> _WORK TO COMPLETE_: Without pictures, return the lines from the one containing "Fusillade à Charlie Hebdo ce matin Tigngu10" through the last line of the data below, exactly.

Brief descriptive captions
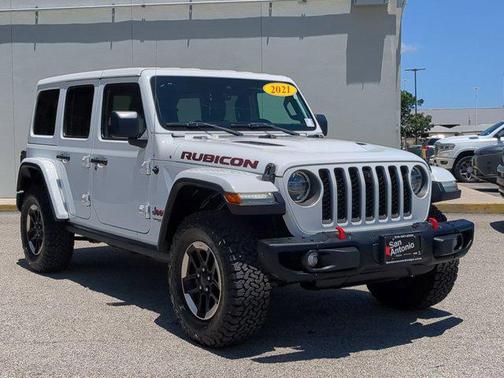 2021 Jeep Wrangler Unlimited Rubicon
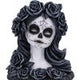 Flor de Muerte Tea Light Holder 10.5cm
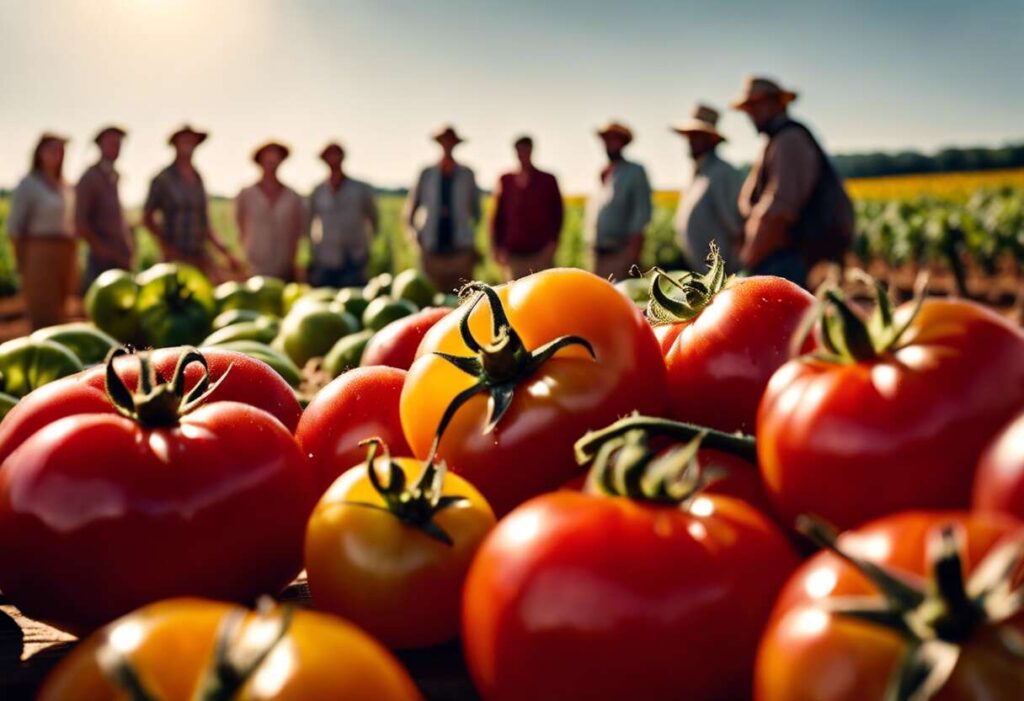Tomates lorraines : découvrez les variétés et les producteurs locaux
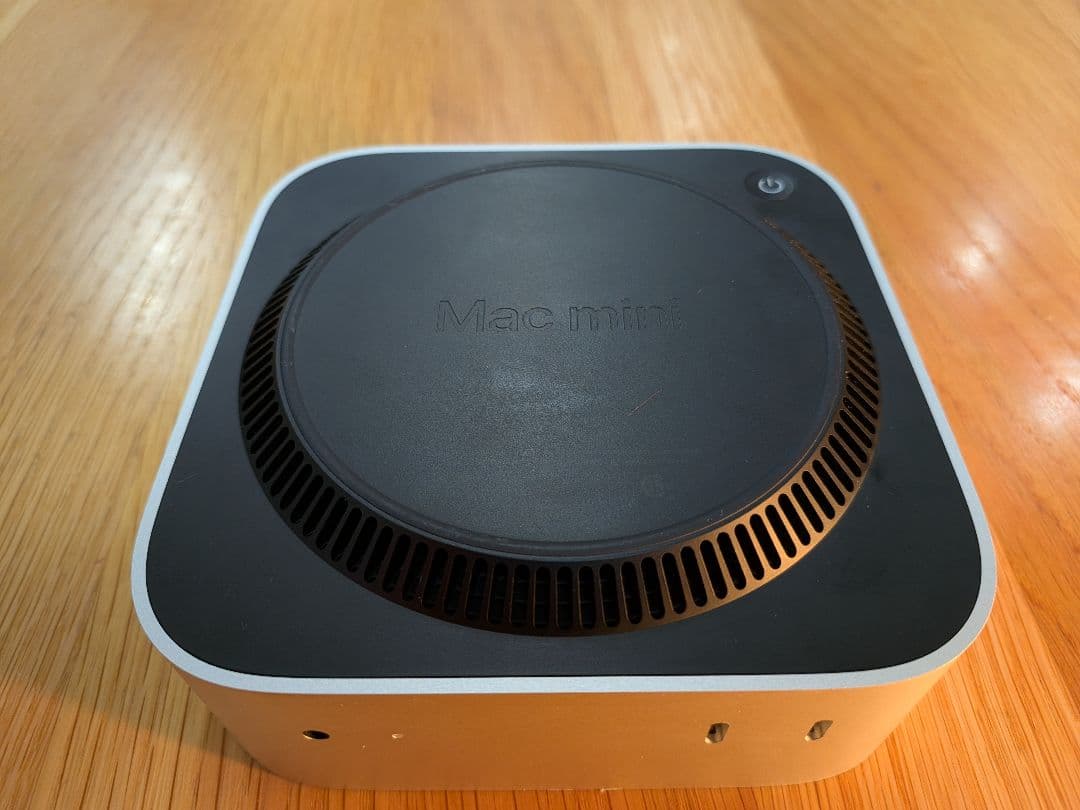 Apple Mac mini（m4）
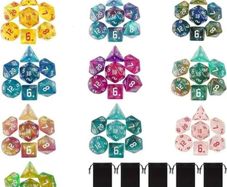 D&D dice set
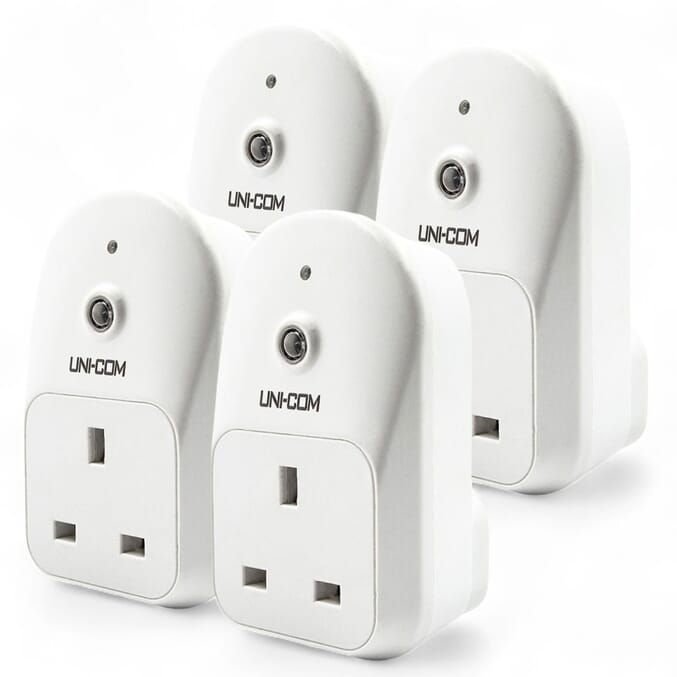 uni com security timer pack of 4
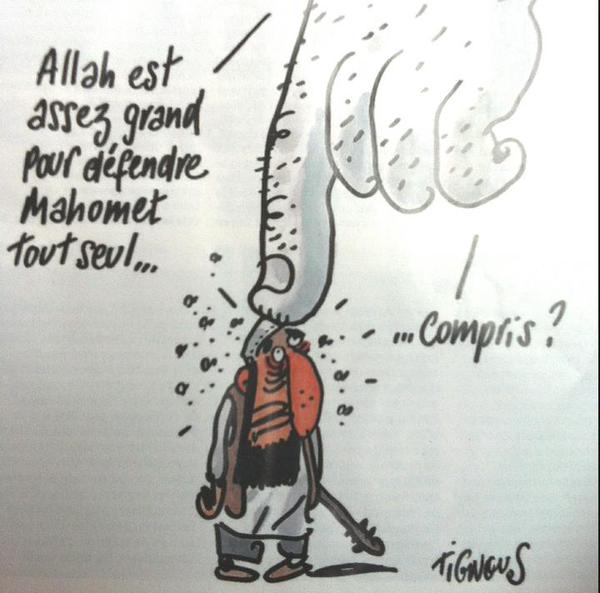 Fusillade à Charlie Hebdo ce matin Tigngu10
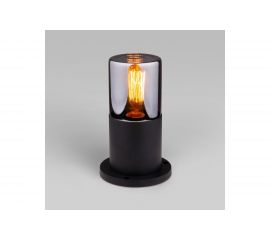 Садово-парковый светильник Elektrostandard 35125 S Roil чёрный дымчатый плафон a055632 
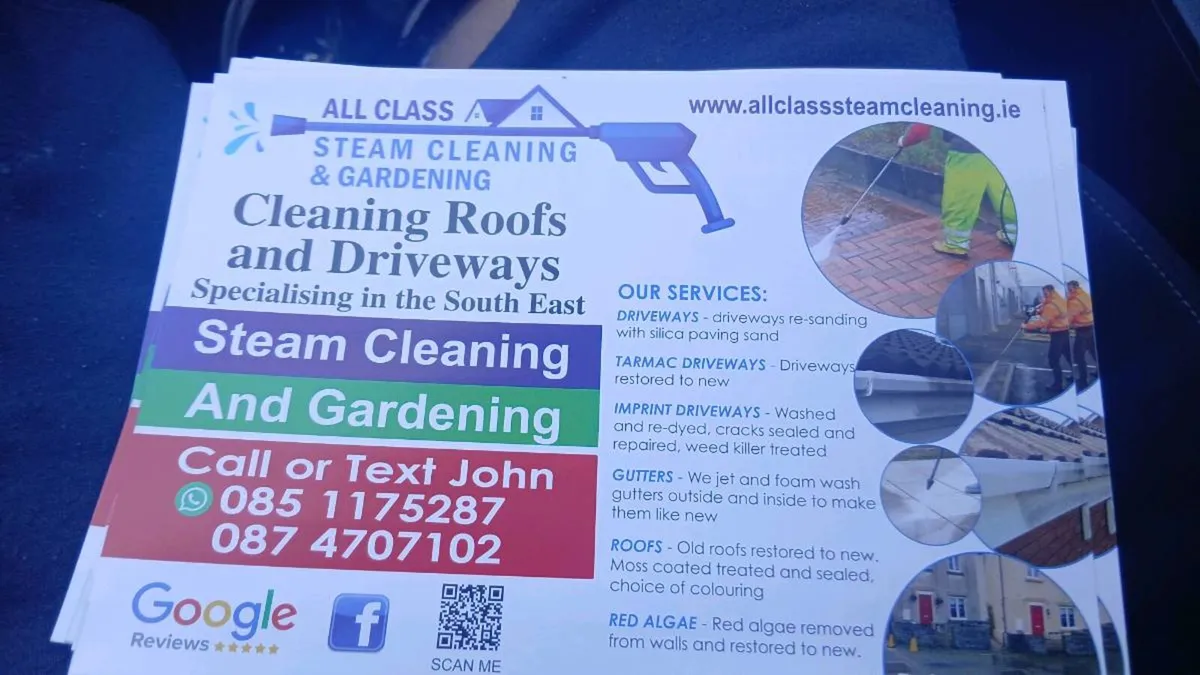 All class cleaning & gardening - Image 3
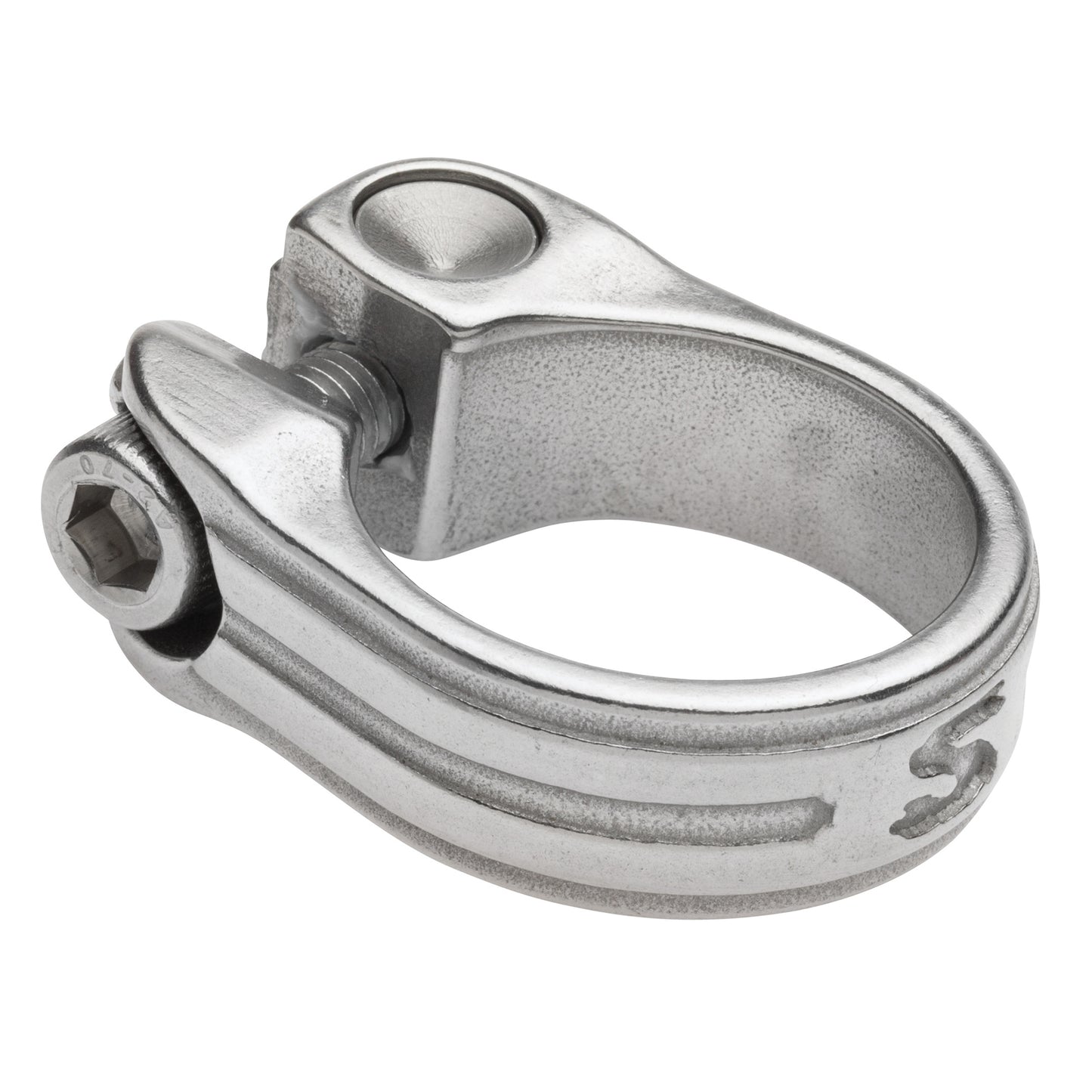 Surly Stainless Seatpost Clamp silver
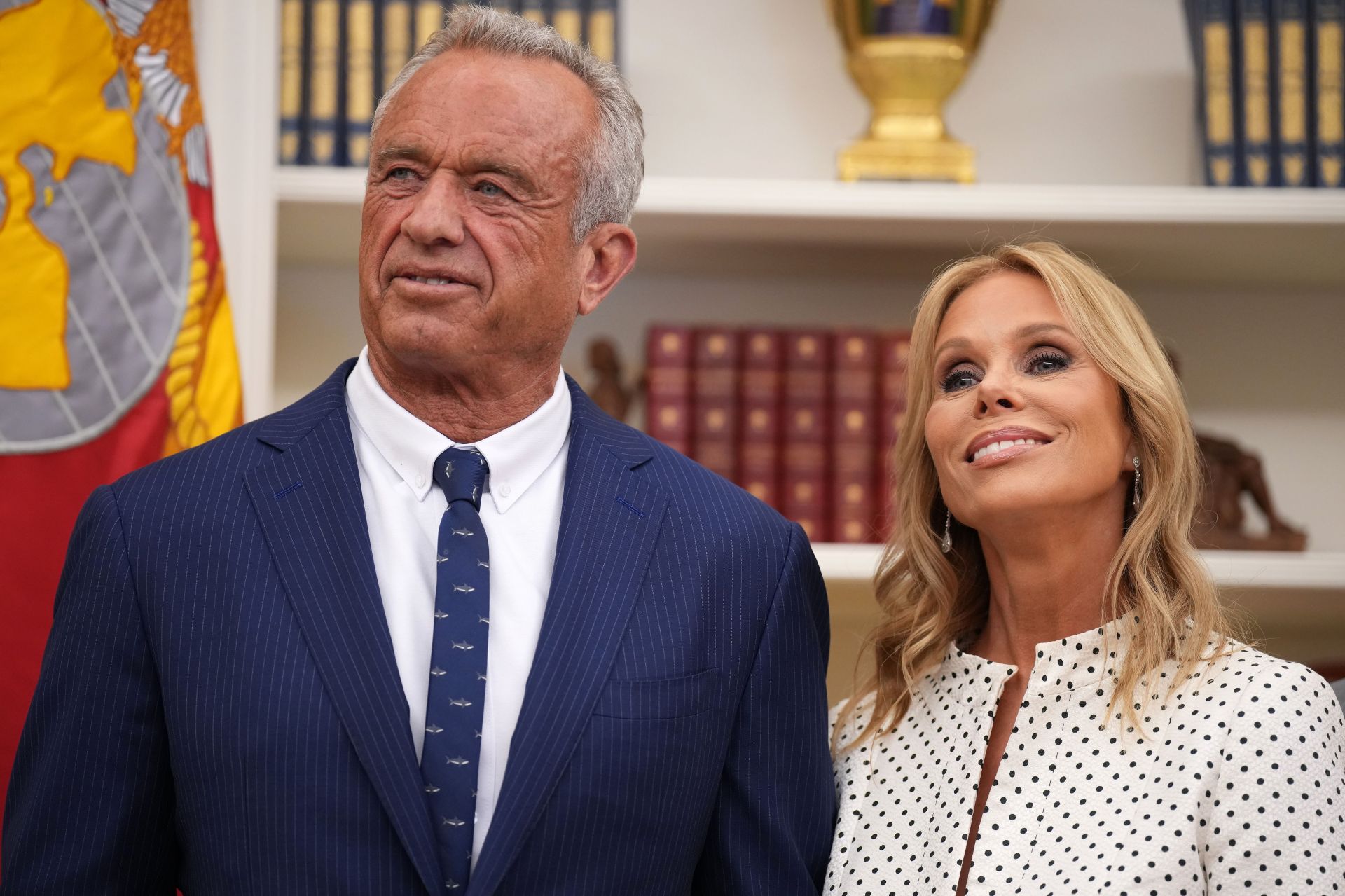 President Trump Swears In Robert F Kennedy Jr. As HHS Secretary - Source: Getty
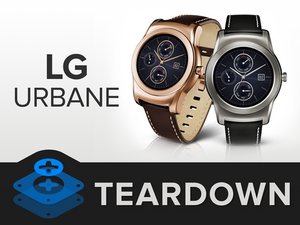 Заглянем внутрь умных часов LG Watch Urbane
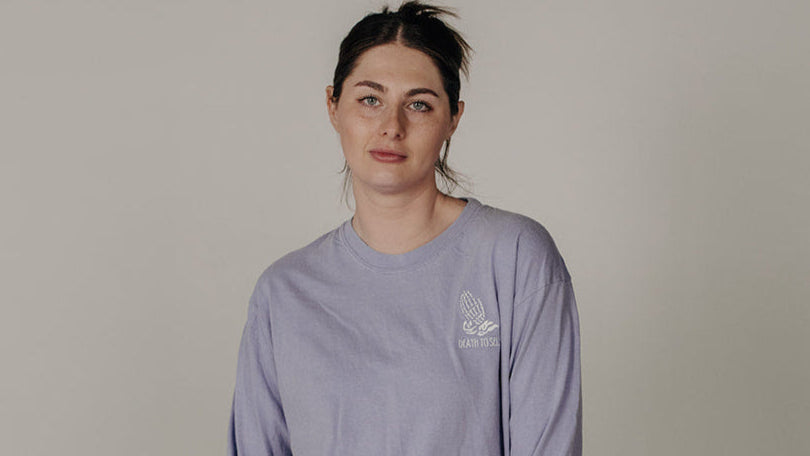 Death to Self | Embroidered | Long sleeved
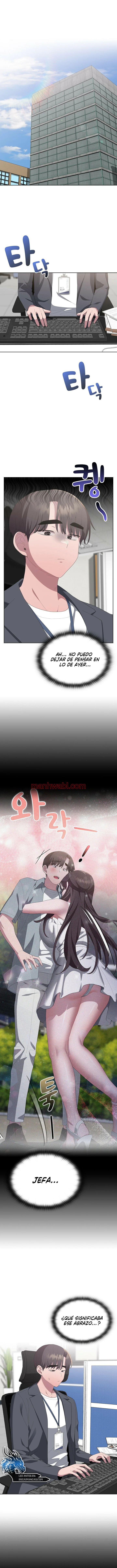 Alerta: Empleado Problematico - Capítulo 50 manhwa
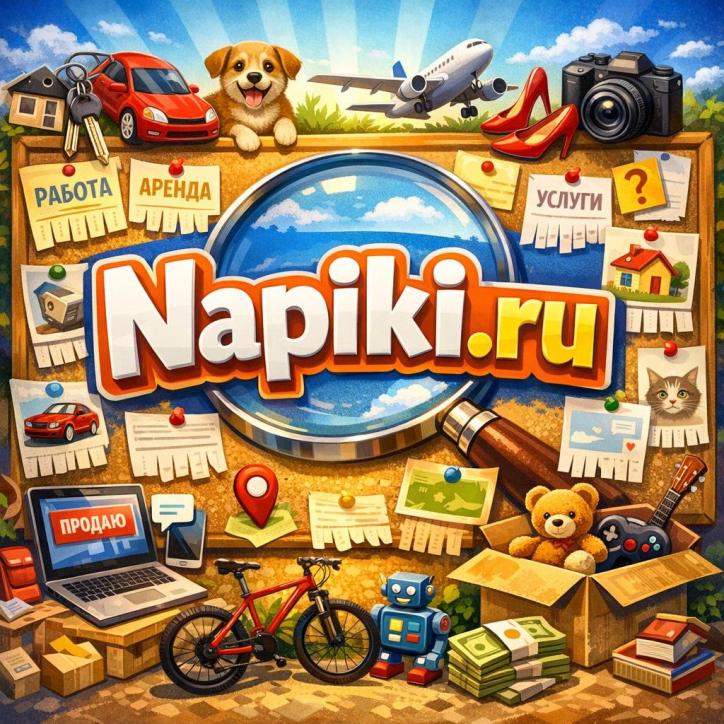 Доска бесплатных объявлений Napiki.ru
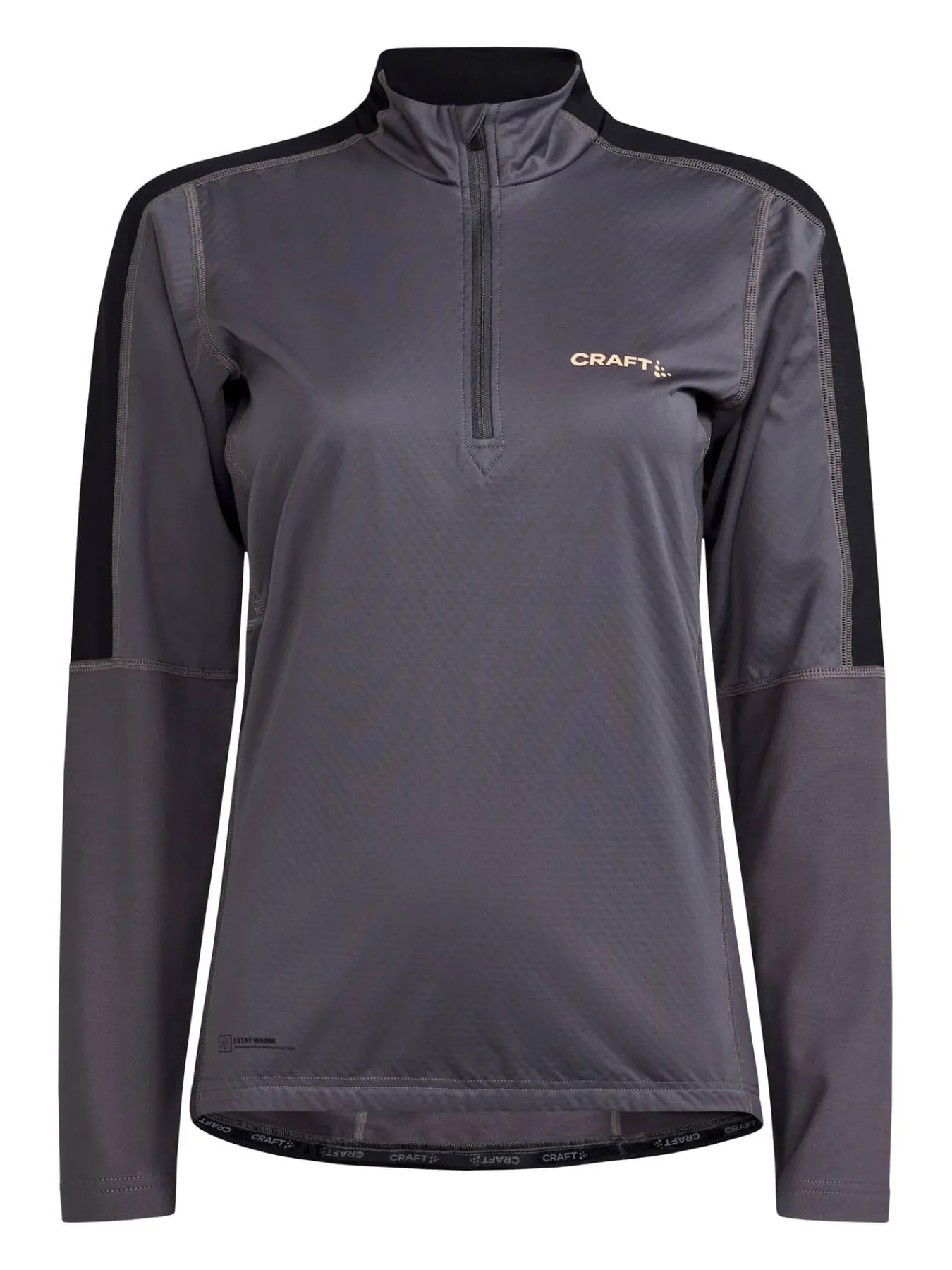 Craft Sportswear Längdskidor^Adv Nordic Race Warm HZ Jersey W Granite-Black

> _COMPLETED TASK_:
 Fusillade à Charlie Hebdo ce matin Tigngu10
 Садово-парковый светильник Elektrostandard 35125 S Roil чёрный дымчатый плафон a055632 
 All class cleaning & gardening - Image 3
 Surly Stainless Seatpost Clamp silver
 President Trump Swears In Robert F Kennedy Jr. As HHS Secretary - Source: Getty
 Заглянем внутрь умных часов LG Watch Urbane
 Death to Self | Embroidered | Long sleeved
 Alerta: Empleado Problematico - Capítulo 50 manhwa
 Доска бесплатных объявлений Napiki.ru
 Craft Sportswear Längdskidor^Adv Nordic Race Warm HZ Jersey W Granite-Black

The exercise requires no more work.